Es imposible para los seres humanos, en el contexto del Gran Conflicto, ampliar las fronteras del Reino en la cantidad y la calidad esperadas por Dios. Por eso, Jesús determinó que sus discípulos no se ausentasen de Jerusalén hasta ser llenos del Espíritu Santo. ¡La lección es clara! Sin él, la iglesia puede tener todos los recursos posibles, pero no tendrá el poder necesario para realizar lo que hay que hacer.[7] Sin su poder, la iglesia será guiada por estrategias humanas y, de esa manera, los resultados serán apenas humanos. Por lo tanto, si queremos resultados sobrenaturales, debemos adoptar estrategias espirituales: la consagración por medio de la oración y la osadía en la predicación de la Palabra, como resultados del bautismo del Espíritu Santo.

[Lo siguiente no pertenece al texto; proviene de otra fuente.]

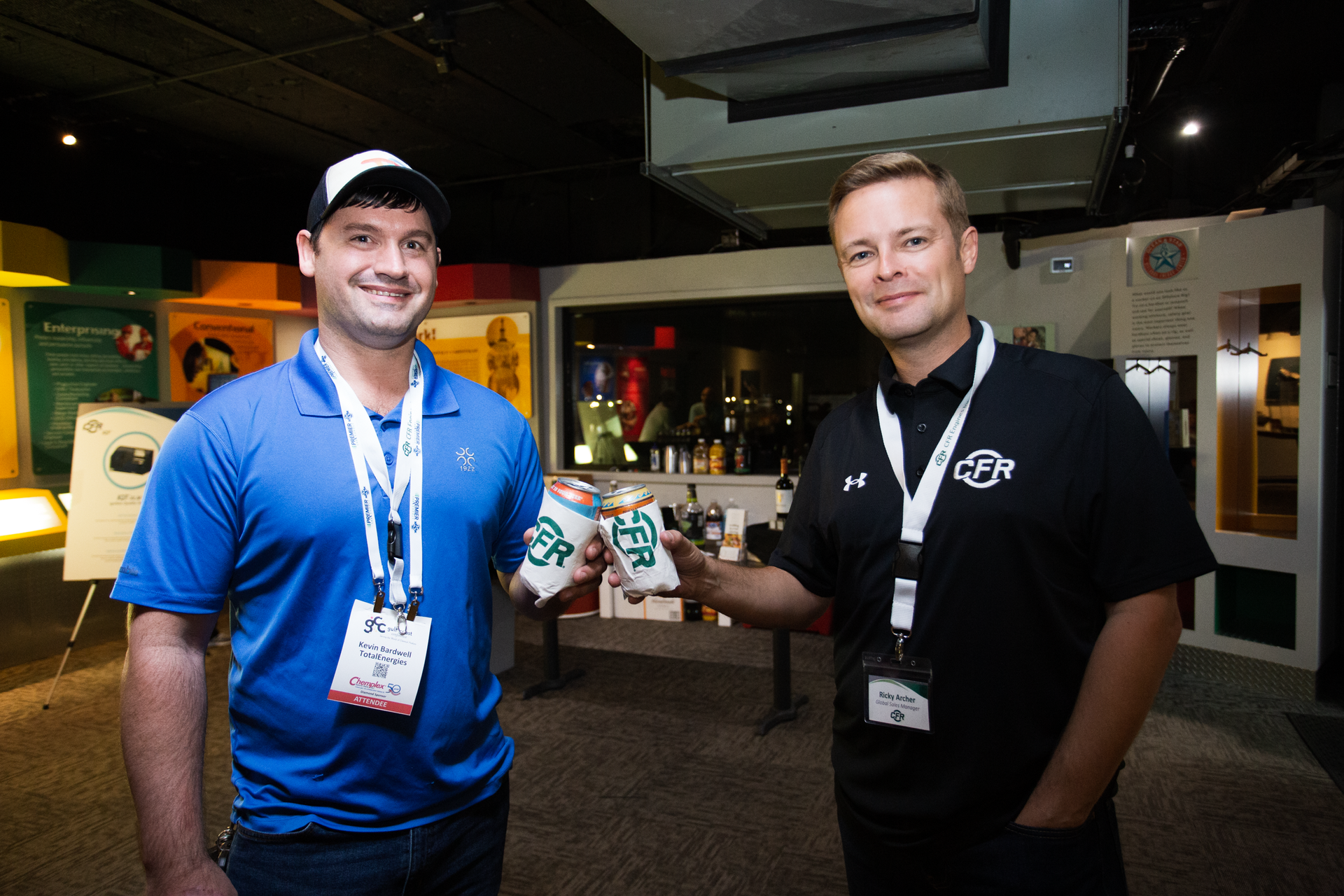 Two men are standing next to each other holding cups of coffee.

De este modo, por lo que encontramos evidenciado en el libro de Hechos, la iglesia avanza más sin plata, oro, tecnología, títulos, cultura e influencia cuando está llena del Espíritu Santo que cuando posee recursos humanos, tecnológicos y financieros pero está desprovista del poder celestial. Por lo tanto, nuestras reuniones eclesiásticas serán plenamente efectivas si en ellas, antes que nada, se dedica tiempo a convocar a los fieles a la consagración por medio de la oración, la sumisión al liderazgo del Espíritu Santo y la búsqueda del reavivamiento, basados en las Escrituras.

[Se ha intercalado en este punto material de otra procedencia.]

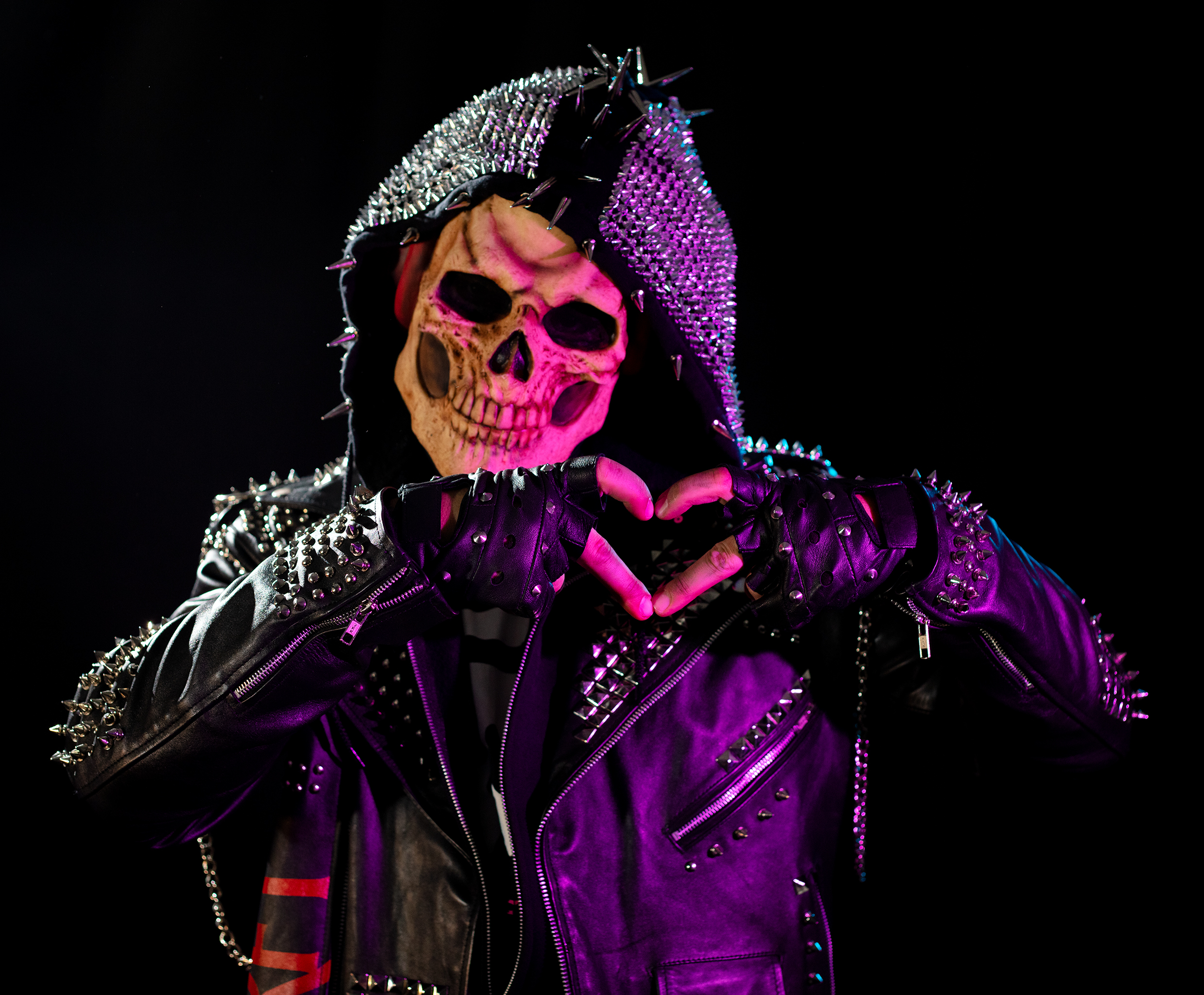 Skeleton Sam, a spiked leather-jacket-clad skeleton figure making a heart shape with his hands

En síntesis, el avance sobrenatural de la iglesia no depende de métodos naturales elaborados por el intelecto humano, por más sofisticados que sean. Depende, sí, del poder divino accesible a la iglesia por medio del Espíritu Santo, actuando en la vida de cada uno de sus miembros. Somos incapaces de efectuar aquello que solo Dios puede realizar. Por lo tanto, cuando permitamos que él opere por nuestro intermedio, ¡ciertamente el resultado será sobrenatural; y el crecimiento, excepcional!

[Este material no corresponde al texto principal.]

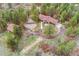 Aerial view of property with the main house and barn in a wooded setting at 1730 Ward Cir, Franktown, CO 80116
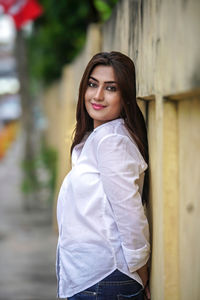 Portrait of young woman standing outdoors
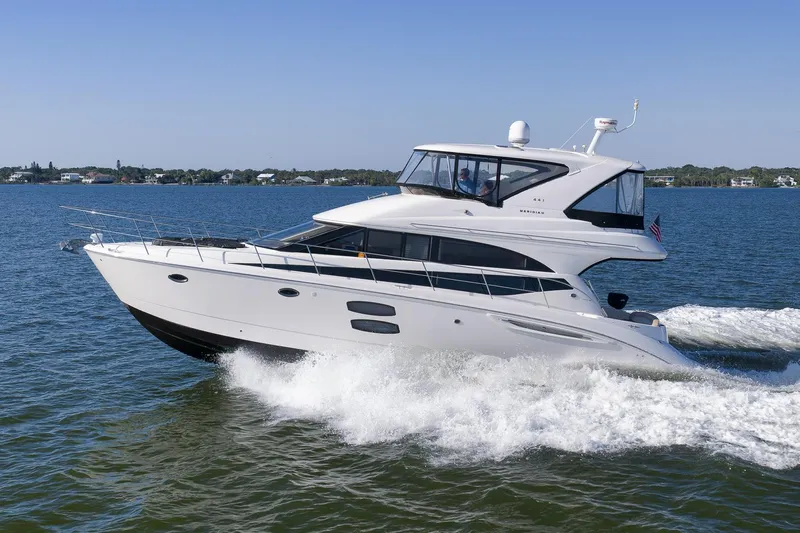  Yacht Photos Pics 2012 Meridian 441 Sedan yacht cruising on open water, clear blue sky.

Sobre el autor: Magíster en Teología, es pastor en Osório, Rio Grande do Sul, Brasil.


Referencias

[1] Elena de White, Los hechos de los apóstoles (Florida, Buenos Aires: Asociación Casa Editora Sudamericana, 2009), pp. 29-31.

[2] Earle E. Cairns, O Cristianismo Através dos Séculos (San Pablo: Vida Nova, 2008), pp. 73-135.

[3] Cairns, p. 23.

[4] Hernandes D. Lopes, Atos (San Pablo: Hagnos, 2012), pp. 133-139.

[5] Elena de White, Patriarcas y profetas (Florida, Buenos Aires: Asociación Casa Editora Sudamericana, 2015), pp. 201, 202.

[6] Glenn E. Wagner, Igreja S/A (São Paulo: Vida, 2003), pp. 23-26.

[7] Kwabena Donkor, “O Espírito Santo e a Missão da Igreja”, en Reinaldo W. Siqueira y Alberto R. Timm, Pneumatologia (Engenheiro Coelho, SP: Unaspress, 2017), pp. 593-608.